**Data excerpts**
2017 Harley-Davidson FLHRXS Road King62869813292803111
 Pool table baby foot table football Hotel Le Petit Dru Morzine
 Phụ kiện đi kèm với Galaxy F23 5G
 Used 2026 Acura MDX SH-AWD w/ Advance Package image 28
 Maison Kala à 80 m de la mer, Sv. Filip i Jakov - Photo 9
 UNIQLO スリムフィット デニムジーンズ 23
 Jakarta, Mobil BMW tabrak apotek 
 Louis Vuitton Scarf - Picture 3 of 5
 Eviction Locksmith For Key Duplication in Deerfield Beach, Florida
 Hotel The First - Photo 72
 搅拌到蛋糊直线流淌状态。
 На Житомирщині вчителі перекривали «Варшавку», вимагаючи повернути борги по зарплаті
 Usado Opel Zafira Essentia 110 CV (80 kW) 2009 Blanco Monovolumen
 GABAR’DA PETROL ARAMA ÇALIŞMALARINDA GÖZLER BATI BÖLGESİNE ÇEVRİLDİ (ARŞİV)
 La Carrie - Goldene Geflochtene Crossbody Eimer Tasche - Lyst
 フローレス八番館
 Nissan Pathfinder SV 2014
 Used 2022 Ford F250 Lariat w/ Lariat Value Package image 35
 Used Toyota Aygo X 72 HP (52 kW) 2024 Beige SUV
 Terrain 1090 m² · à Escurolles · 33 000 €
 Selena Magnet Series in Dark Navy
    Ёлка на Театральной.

**Exercise instructions**
In the entries above, find the line holding "Maison Kala à" and the line holding "Nissan Pathfinder SV 2014"; print both of them and every line between, exactly, and nothing else.

**Response to the exercise**
 Maison Kala à 80 m de la mer, Sv. Filip i Jakov - Photo 9
 UNIQLO スリムフィット デニムジーンズ 23
 Jakarta, Mobil BMW tabrak apotek 
 Louis Vuitton Scarf - Picture 3 of 5
 Eviction Locksmith For Key Duplication in Deerfield Beach, Florida
 Hotel The First - Photo 72
 搅拌到蛋糊直线流淌状态。
 На Житомирщині вчителі перекривали «Варшавку», вимагаючи повернути борги по зарплаті
 Usado Opel Zafira Essentia 110 CV (80 kW) 2009 Blanco Monovolumen
 GABAR’DA PETROL ARAMA ÇALIŞMALARINDA GÖZLER BATI BÖLGESİNE ÇEVRİLDİ (ARŞİV)
 La Carrie - Goldene Geflochtene Crossbody Eimer Tasche - Lyst
 フローレス八番館
 Nissan Pathfinder SV 2014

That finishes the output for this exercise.